Tale orientamento ha rimarcato come i motivi di ricorso per cassazione fondati su giudicato esterno, debbano rispondere ai dettami di cui all'art.366 n.6 c.p.c., che del principio di autosufficienza rappresenta il precipitato normativo (cfr. Cass. 18/10/2011 n. 21560, Cass. 30/4/2010 n.10537, Cass.13/3/2009 n. 6184); tanto sia sotto il profilo nella riproduzione del testo della sentenza passata in giudicato, non essendo a tal fine sufficiente il riassunto sintetico della stessa (cfr.
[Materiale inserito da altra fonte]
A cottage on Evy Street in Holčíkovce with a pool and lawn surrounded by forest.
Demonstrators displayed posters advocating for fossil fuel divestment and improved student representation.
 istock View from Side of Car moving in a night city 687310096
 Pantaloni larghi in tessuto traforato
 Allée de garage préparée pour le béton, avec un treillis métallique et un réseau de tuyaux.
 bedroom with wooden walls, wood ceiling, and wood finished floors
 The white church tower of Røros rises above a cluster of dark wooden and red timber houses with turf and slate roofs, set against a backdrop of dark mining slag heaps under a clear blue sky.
Cass. 11/02/2015 n.2617), sia sotto il profilo della specifica indicazione della sede in cui essa sarebbe rinvenibile ed esaminabile in questo giudizio di legittimità (vedi Cass. cit. n.21560/2011).
5. Alle suesposte argomentazioni, può aggiungersi l'ulteriore considerazione che la tecnica redazionale adottata nella stesura del presente ricorso, e risoltasi nella mera riproduzione solo di taluni stralci della pronuncia emessa in sede penale e divenuta res iudicata, ridonda in termini di genericità del ricorso medesimo, palesandosi del tutto inidonea ad enucleare le effettive carenze motivazionali che connotano la pronuncia impugnata, in quanto il suo vaglio richiede l'esame di atti processuali ultronei rispetto allo stesso ricorso.
Non è dato riscontrare, invero, nella fattispecie scrutinata, il requisito della specificità, della completezza e riferibilità alla decisione impugnata che consentono di assicurare al ricorso l'autonomia necessaria ad individuare, senza il sussidio di altre fonti, l'immediata e pronta risoluzione delle questioni da risolvere, non essendo la Corte di cassazione tenuta a ricercare, al di fuori del contesto del ricorso, le ragioni che dovrebbero sostenerlo.
6. In definitiva, alla stregua delle superiori argomentazioni, il ricorso deve essere dichiarato inammissibile.
Le spese del presente giudizio di legittimità seguono il principio della soccombenza nella misura in dispositivo liquidata.
 

 

P.Q.M.

 


La Corte dichiara inammissibile il ricorso. Condanna il ricorrente al pagamento delle spese del presente giudizio che liquida in euro 100,00 per esborsi ed euro 3.000,00 per compensi professionali oltre spese generali al 15%, ed accessori di legge.
Così deciso in Roma il 27 ottobre 2016.